The US Federal Communications Commission (FCC) is seeking comment (Word | PDF) on their planned "Implementation of a Nationwide, Broadband, Interoperable Public Safety Network in the 700MHz Band".
The 700MHz band is particularly useful as it travels over long distances and can easily penetrate walls and buildings. The US currently allocates twenty-four megahertz of public safety spectrum in the 700 MHz band. The FCC's proposal allocates 12 mehahertz of this block to accommodate broadband communications with the following public safety objectives:
- opportunities for broadband, national, interoperable use of 700 MHz spectrum;
- new sources of funding for the build-out and operation of the national public safety network;
- economies of scale and scope in production and competition in supply to maximize cost effectiveness;
- efficient spectrum use;
- network robustness and survivability; and
- flexible, modern IP-based wireless system architecture.

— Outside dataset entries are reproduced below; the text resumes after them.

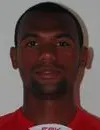 Chiquinho Alagoano - AA Coruripe futbolcusu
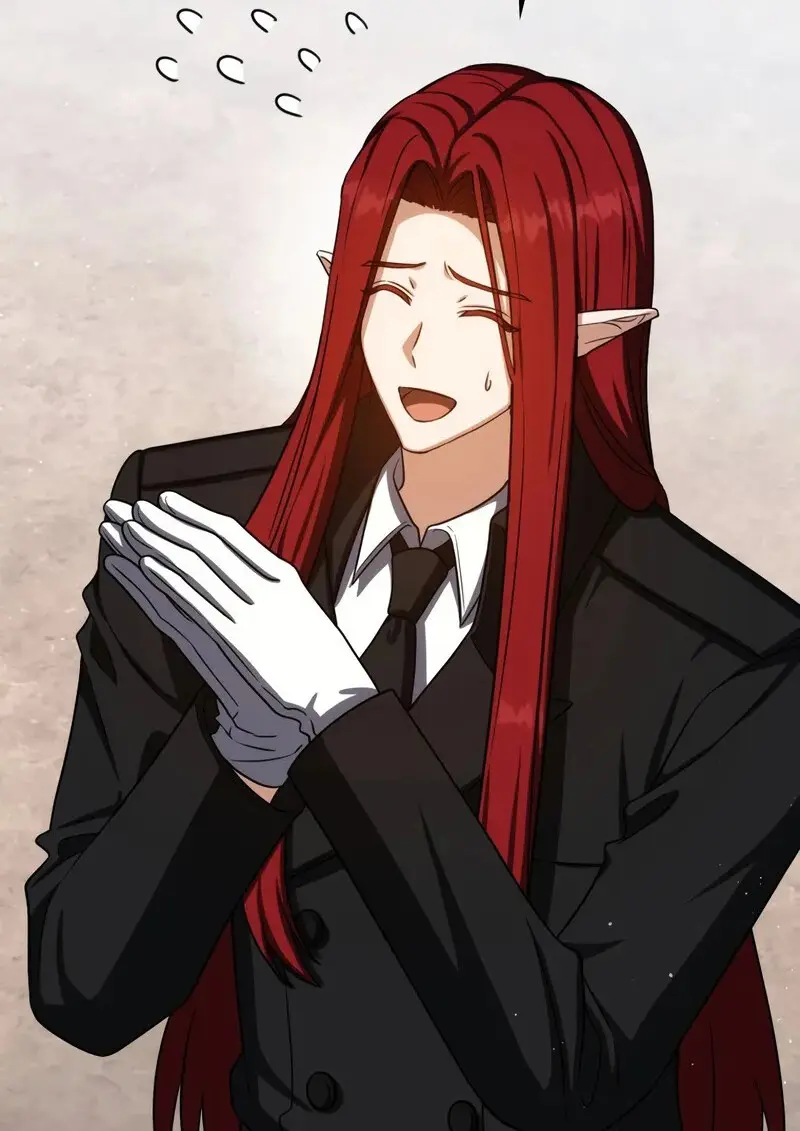 The Reincarnated Assassin Is a Swordmaster - หน้า 64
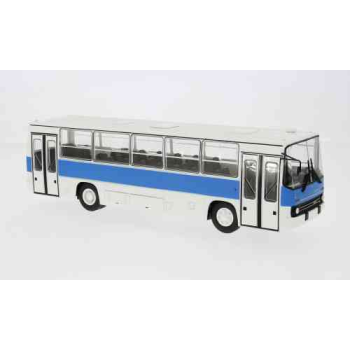Ikarus 260.51 Blue and white 1975  Premium ClassiXXs  PCL47195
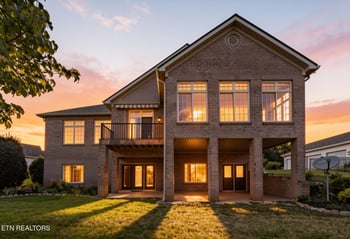 123 Eladi Tr, Vonore, TN 37885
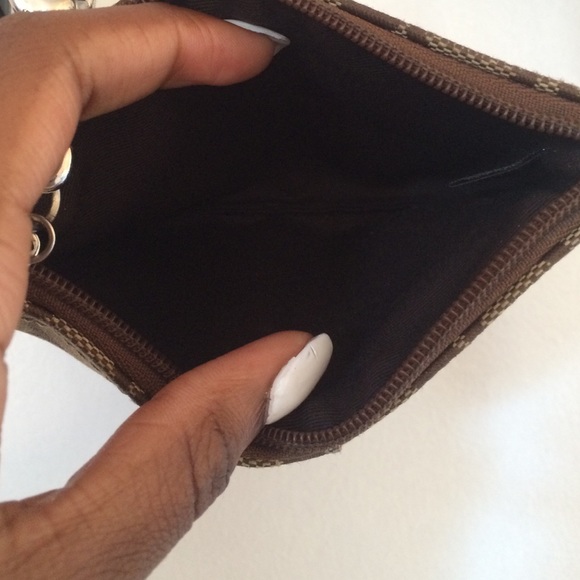 Wallet - Picture 2 of 2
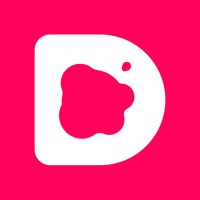 Designing Humans logo - Similar company to D++ Innovation Consulting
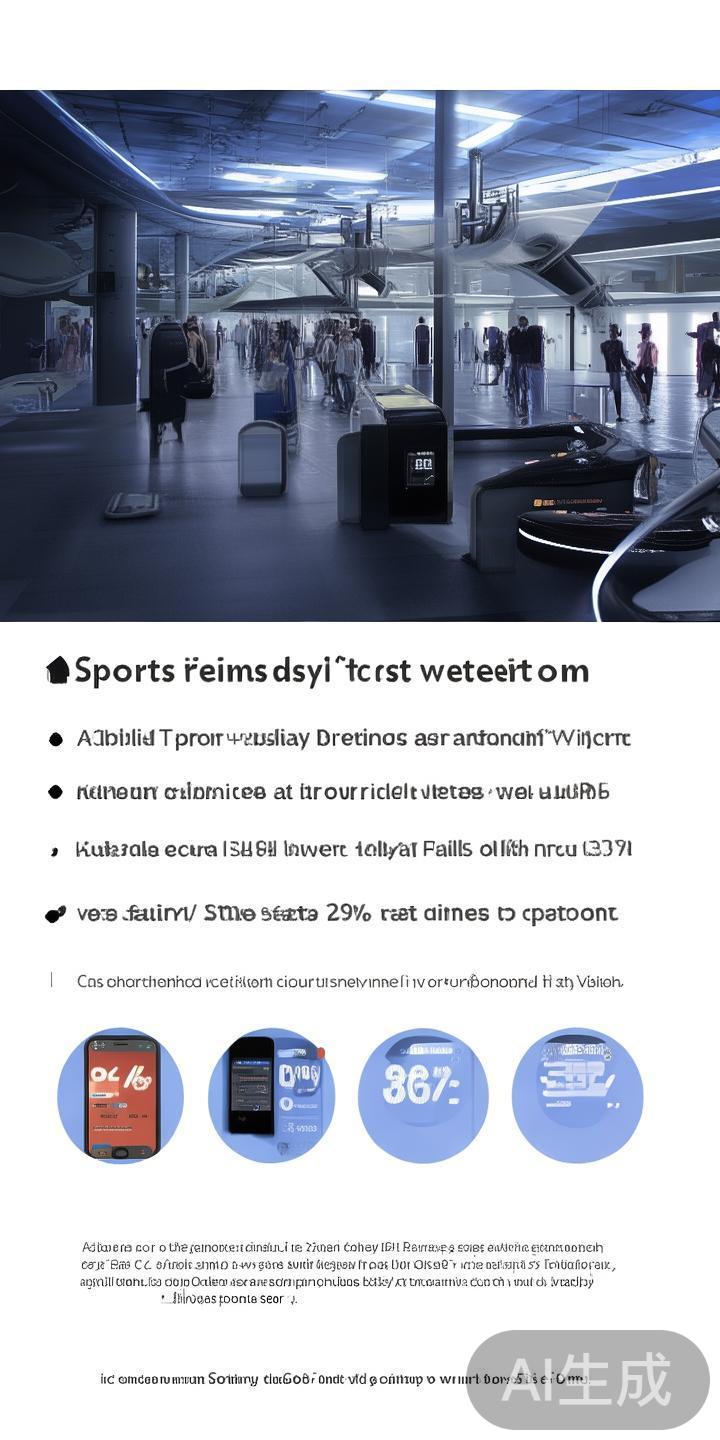 亚新体育登记排队系统最大优势在于实现全面数字化和自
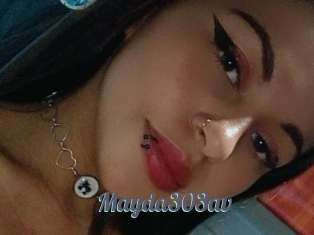 Mayda303av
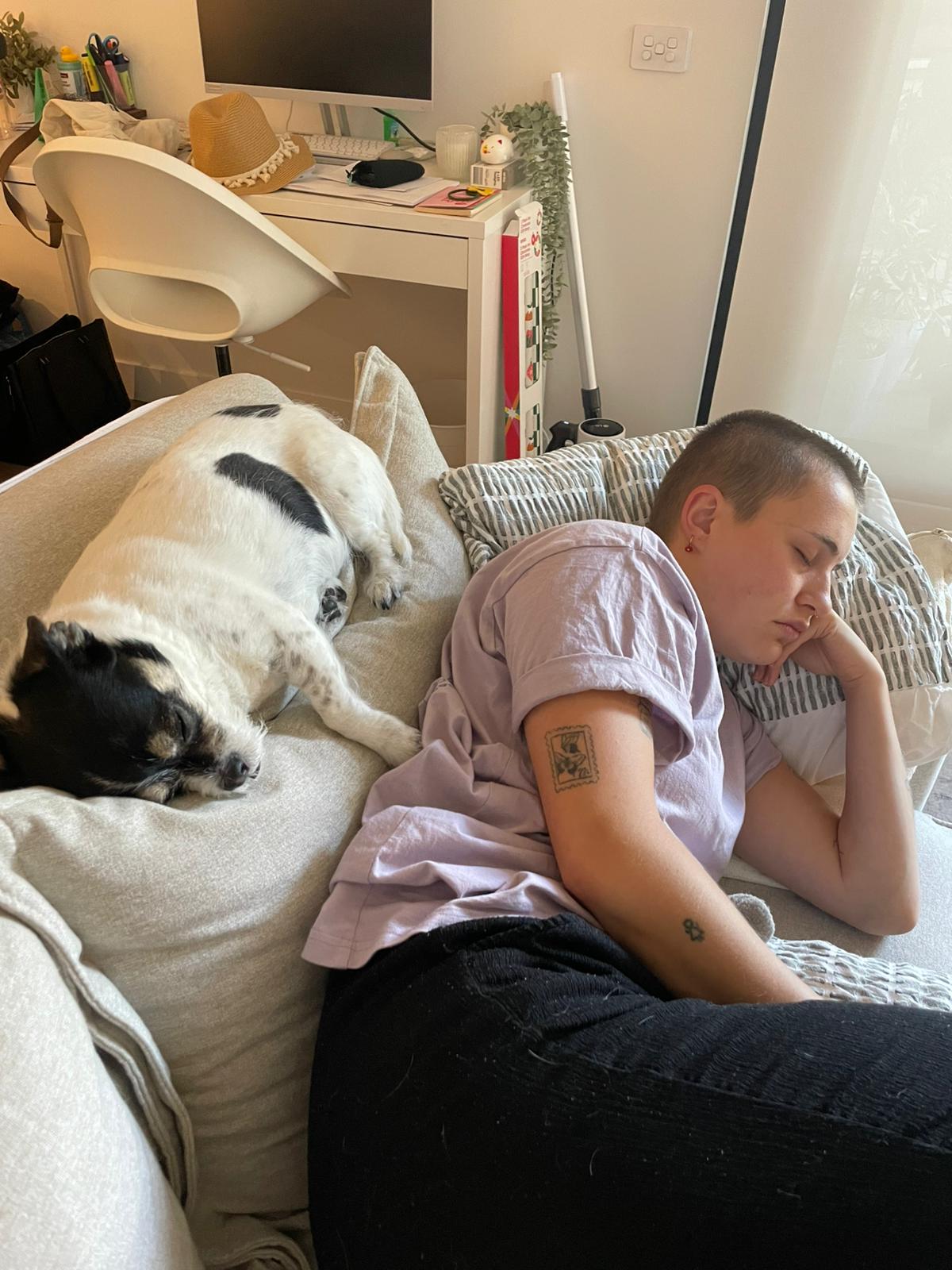 image-6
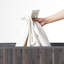 Laundry Sorter with Handles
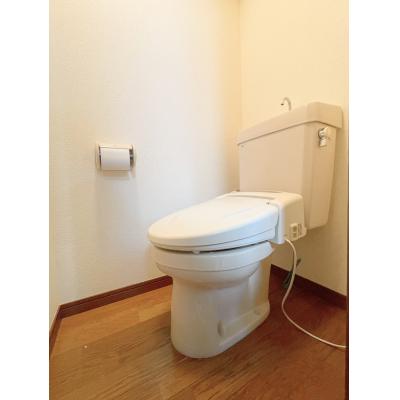 🍀グランマンスリー🍀水戸中央R405🌟ネット無料🛜エレベーター付き！水戸駅南口徒歩約10分📍水戸市役所目の前の好立地🚩✨の物件写真5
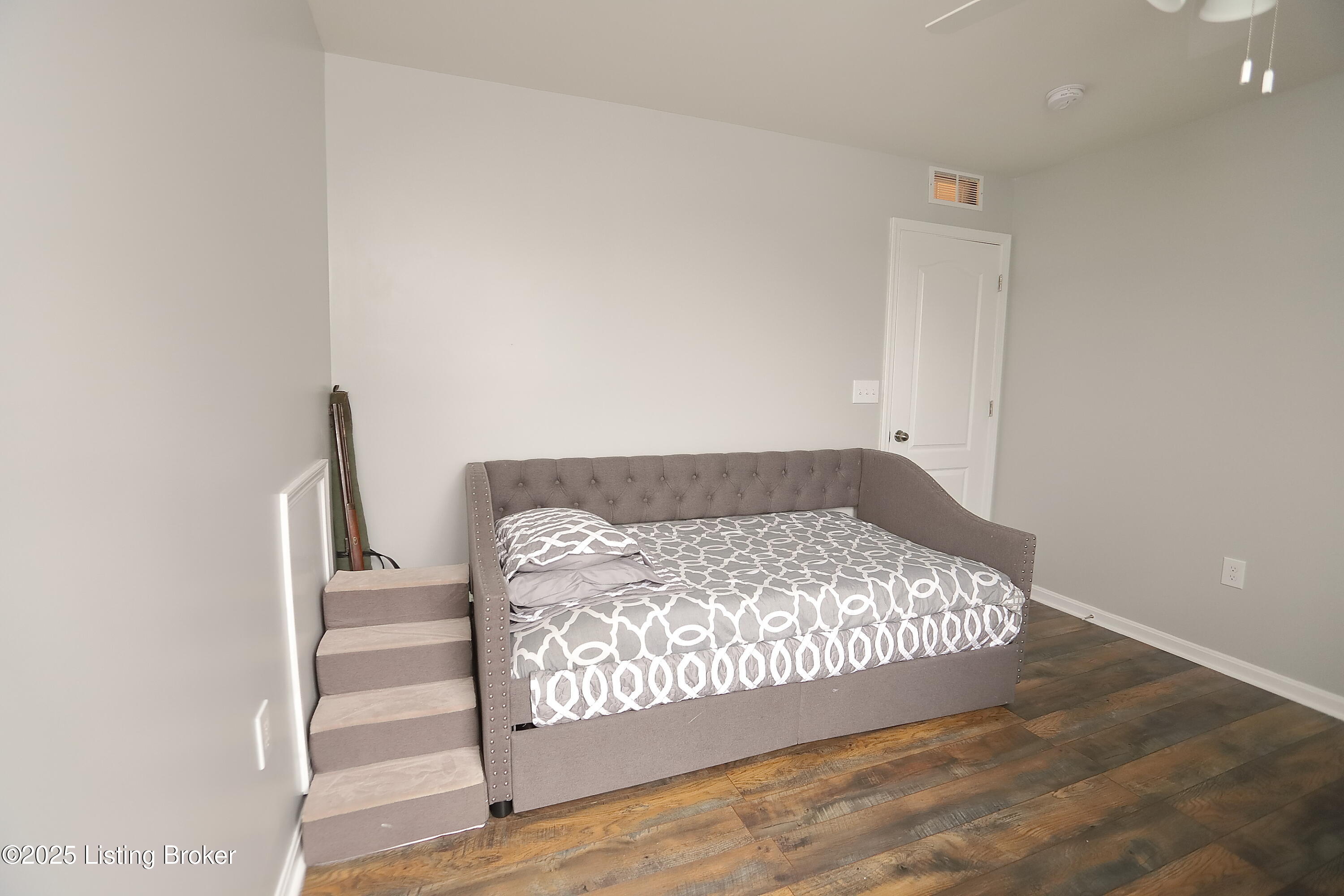 1066 Autumn Crest Ln, Louisville, Pennsylvania image 35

and more specifically that the FCC:
- allocate 12 megahertz of the 700 MHz public safety spectrum from wideband to broadband use;
- assign this spectrum nationwide to a single national public safety broadband licensee;
- permit the national public safety broadband licensee also to operate on a secondary basis on the narrowband public safety spectrum in the 700 MHz band;
- permit the licensee to use its assigned spectrum to provide public safety entities with voluntary access to a public safety broadband service on a fee-for-service basis;
- permit the licensee to provide unconditionally preemptible access to its assigned spectrum to commercial service providers on a secondary basis, through leases or in the form of public/private partnerships;
- facilitate the shared use of CMRS infrastructure for the efficient provision of public safety broadband service; and
- establish performance requirements for interoperability, build-out, preemption of commercial access, and system robustness.